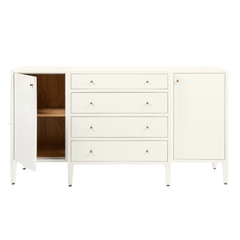Crane Beach Raffia Deep Drawer Buffet - Pristine White. Two Sizes - Our Boat House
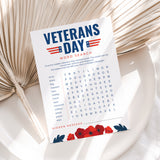 Veterans Day Word Search with Answer Key Printable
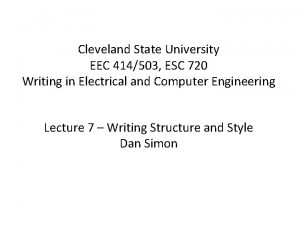 Cleveland State University EEC 414503 ESC 720 Writing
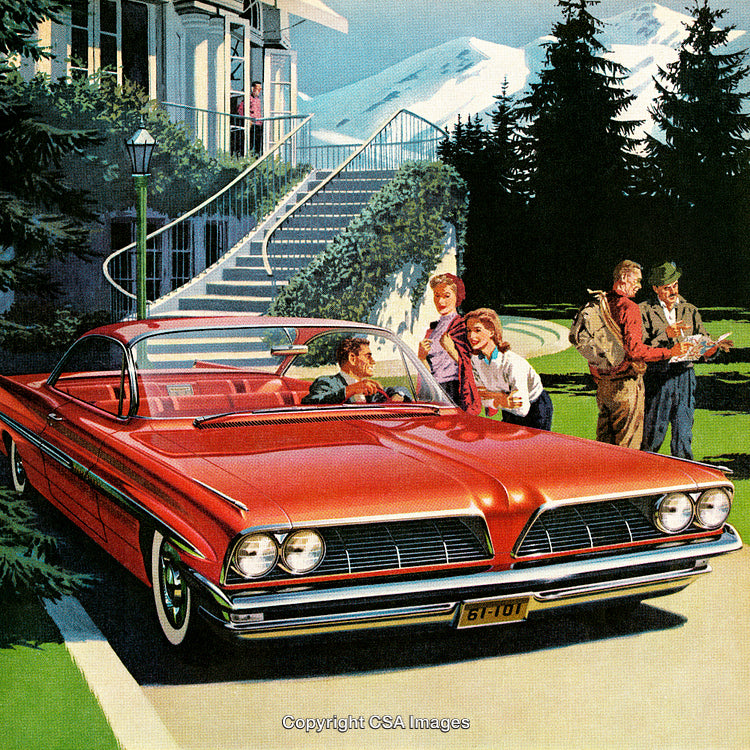 Vintage Red Convertible at Scenic Lodge with Friends Outdoors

========================================

- **The task**:
The answer must be the listing above, restated word for word, with no images in it.

- **Answer for this exercise**:
Crane Beach Raffia Deep Drawer Buffet - Pristine White. Two Sizes - Our Boat House
 Veterans Day Word Search with Answer Key Printable
 Cleveland State University EEC 414503 ESC 720 Writing
 Vintage Red Convertible at Scenic Lodge with Friends Outdoors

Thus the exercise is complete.